Definition 4.16 Model evidence quantifies how well a model predicts observed data after accounting for parameter uncertainty.
Thus, the MAP estimate of the best model is: \[ M^* = \arg\max_{M_k} p(M_k | \mathcal{D}) \]
4.6.3 Bayes Factors for Model Comparison
To compare two models \(M_1\) and \(M_2\), we consider their posterior odds: \[ \frac{p(M_1 | \mathcal{D})}{p(M_2 | \mathcal{D})} = \underbrace{\frac{p(M_1)}{p(M_2)}}_{\text{prior odds}} \times \underbrace{\frac{p(\mathcal{D} | M_1)}{p(\mathcal{D} | M_2)}}_{\text{Bayes factor}} \]
The Bayes factor \(\frac{p(\mathcal{D} | M_1)}{p(\mathcal{D} | M_2)}\) measures relative model support from the data. With uniform priors, model selection depends only on the Bayes factor. If the Bayes factor > 1, \(M_1\) is preferred; otherwise, \(M_2\) is chosen.
The Jeffreys-Lindley paradox is a phenomenon in Bayesian statistics that highlights a surprising difference between Bayesian model comparison and classical (frequentist) hypothesis testing.
Suppose we want to test:
\[ H_0: \mathbf{\theta} = \mathbf{\theta}_0 \quad \text{vs.} \quad H_1: \mathbf{\theta} \neq \mathbf{\theta}_0 \]
- In frequentist hypothesis testing, we might reject \(H_0\) if the p-value is small.
- In Bayesian model selection, we compute the Bayes factor: \[ \text{BF} = \frac{p(\text{data} | H_0)}{p(\text{data} | H_1)} \]
The paradox arrises when, even if the data strongly rejects \(H_0\) according to a classical test (small p-value), the Bayes factor may favor the null hypothesis \(H_0\). This happens especially when the prior for the alternative hypothesis \(H_1\) is diffuse (spread over a wide range of possible parameter values). As a result, \(H_0\) can appear more probable in the Bayesian sense, even if the observed data seems extreme.
The result is that Bayesian and frequentist conclusions can disagree. Prior choices in Bayesian analysis have a strong influence on model comparison. The paradox emphasizes the importance of carefully selecting priors for alternative hypotheses.

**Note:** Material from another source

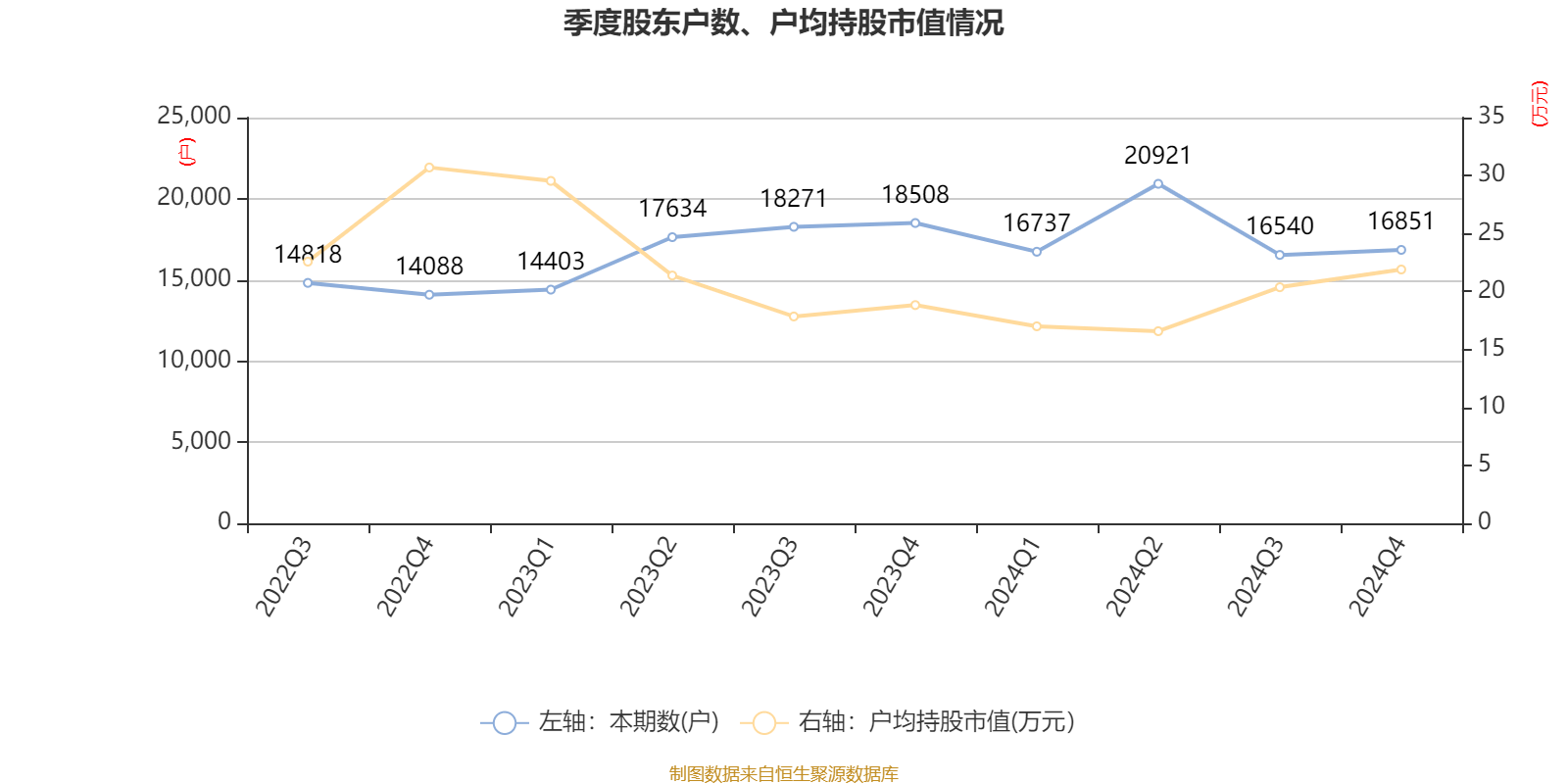 稀土永磁概念异动拉升 龙磁科技涨超14%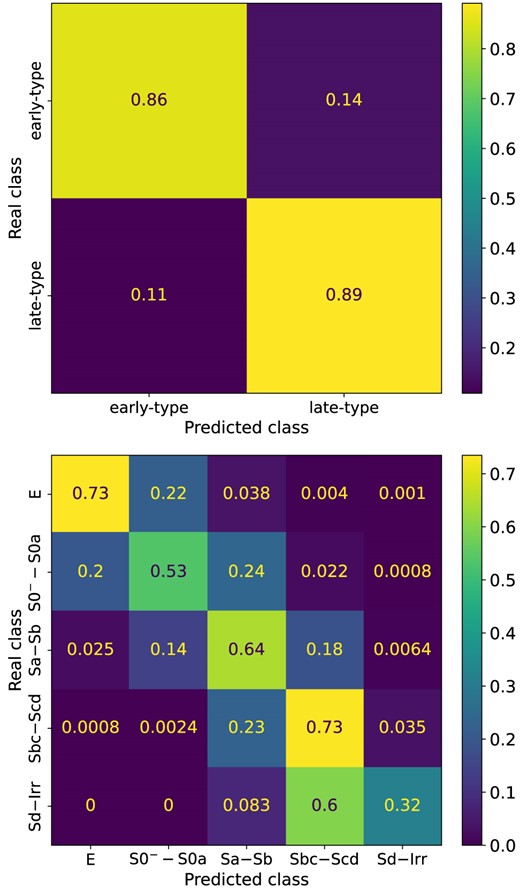 CMs for 2cats (upper) and 5cats (bottom) direct classifications (see Table 2) using the S2+C parameter configuration, calculated with the test subset. Colour contrasts are according to the performance of the classification. 2cats shows a balanced performance, whereas in 5cats, performance varies across the classes, with most misclassifications occurring between adjacent classes.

4.6.4 Computing the Marginal Likelihood
The marginal likelihood integral: \[ p(\mathcal{D} | M_k) = \int p(\mathcal{D} | \mathbf{\theta}_k) p(\mathbf{\theta}_k | M_k) \, d\mathbf{\theta}_k \] is often analytically intractable. Common approximation techniques include:
- Numerical integration
- Monte Carlo sampling
- Bayesian Monte Carlo methods
However, when using conjugate priors, this term can sometimes be computed in closed form.